The Student Action party announced Wednesday night its candidates for president and external affairs vice president in the upcoming ASUC elections, including one student who has never been elected to an official ASUC office.
UC Berkeley junior Milad Razavi is running for president, and UC Berkeley junior and current Student Action senator Vinay Ramesh is slated as the external affairs vice president candidate. Student Action is traditionally known to represent Jewish, engineering and Greek communities.
Earlier this week, the party announced campus junior and current senator Paul Lee as its external vice president candidate. Student Action will not run an academic affairs vice president candidate, as its candidate dropped out due to mental health issues, according to party chair Ryan Kang.
Although he has not held an official position in the ASUC, Razavi worked with ASUC President Pavan Upadhyayula this year, shadowing him and getting introduced to campus leaders, including Chancellor Nicholas Dirks.
Razavi is running what he called an “unorthodox” campaign, focusing on three ideological platforms, with many smaller projects under those three main ideas, rather than a few action items. If elected president, he hopes to unite the campus, empower students and disrupt the status quo in order to make UC Berkeley “the capital of world change.”
“I want to flip the ASUC on its head,” he said. “I want it to serve as a platform for change. … At the end of the day the 25 elected minds are less capable than 35,000 minds outside of it.”
In order to unite students, Razavi wants to revamp CalSO to break down barriers between students, as well as increase peer-to-peer mentoring across academic disciplines, among other ideas.
Razavi wants to “empower students to disrupt the status quo” by creating a call-to-action program in which student groups could apply for funding and other resources from the ASUC president.
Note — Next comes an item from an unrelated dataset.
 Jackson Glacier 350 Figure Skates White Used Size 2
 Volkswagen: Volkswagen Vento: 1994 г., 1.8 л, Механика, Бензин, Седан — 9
His opponent, CalSERVE presidential candidate Yordanos Dejen, is running on platforms of improving campus climate by fostering dialogue among students and administrators, in addition to implementing a food security plan and reforming financial aid.
Ramesh is running for EAVP on a largely student-safety oriented platform that includes addressing issues of crime prevention, police regulation and earthquake safety, and has been involved in the ASUC since his freshman year.
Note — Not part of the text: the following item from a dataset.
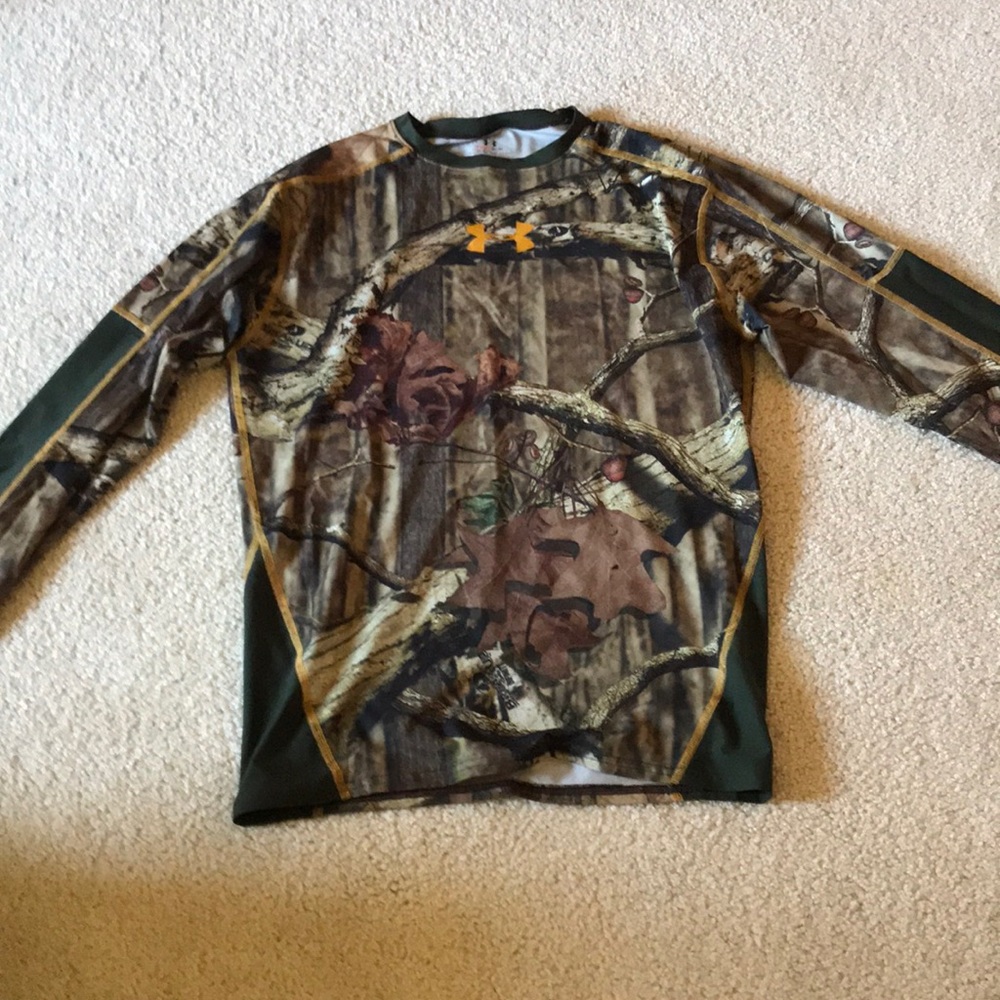 BOYS LARGE CAMO SHIRT - underarmour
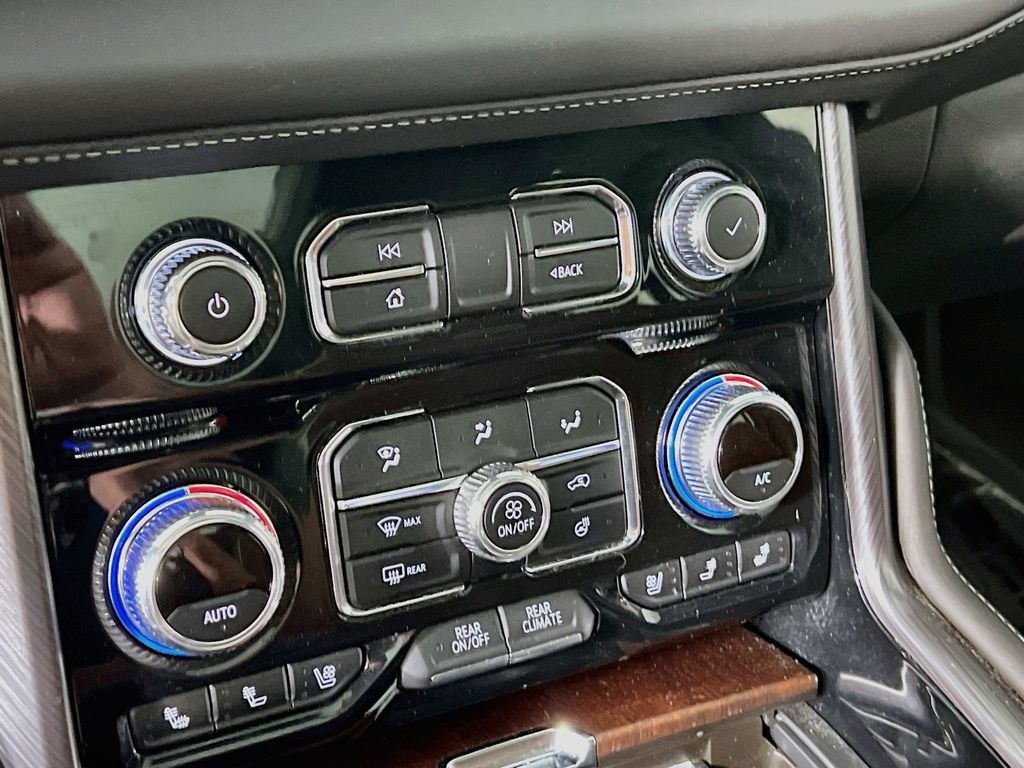 Certified 2024 GMC Yukon XL Denali Ultimate AWD/4WD image 15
“I find it unbelievable that students who call this their home are afraid physically and mentally,” he said.
As EAVP, Ramesh hopes to work again with the Berkeley City Council to install LED streetlights in high crime areas, a project he started this year as a senator.
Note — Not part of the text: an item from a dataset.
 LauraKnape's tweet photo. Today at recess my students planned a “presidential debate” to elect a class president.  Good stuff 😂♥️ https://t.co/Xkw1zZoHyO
Ramesh’s ideas for police reform include creating a protesters’ bill of rights in the Berkeley Municipal Code and asking Berkeley Police Department to take responsibility for its actions during the December protests.
He also wants to facilitate a conversation between marginalized student communities and Berkeley and campus police to dispel stereotypes he said they may have about those groups. Ramesh hopes to create a racial sensitivity training requirement for UCPD at all campuses, as well as BPD.
Ramesh also said many students do not realize that there will be a 7.0 magnitude earthquake in the near future on the Hayward Fault line, which runs through Berkeley. He plans on prioritizing earthquake safety by pressuring the city’s housing and rent stabilization boards to expedite the retrofitting of buildings across the city, many of which house students.
Currently, three of the four executive ASUC senate positions — including that of EAVP Caitlin Quinn — are held by CalSERVE, coming after Student Action’s decision to only run a presidential candidate in last year’s election.
The 2015-16 ASUC general elections will take place April 7, 8 and 9.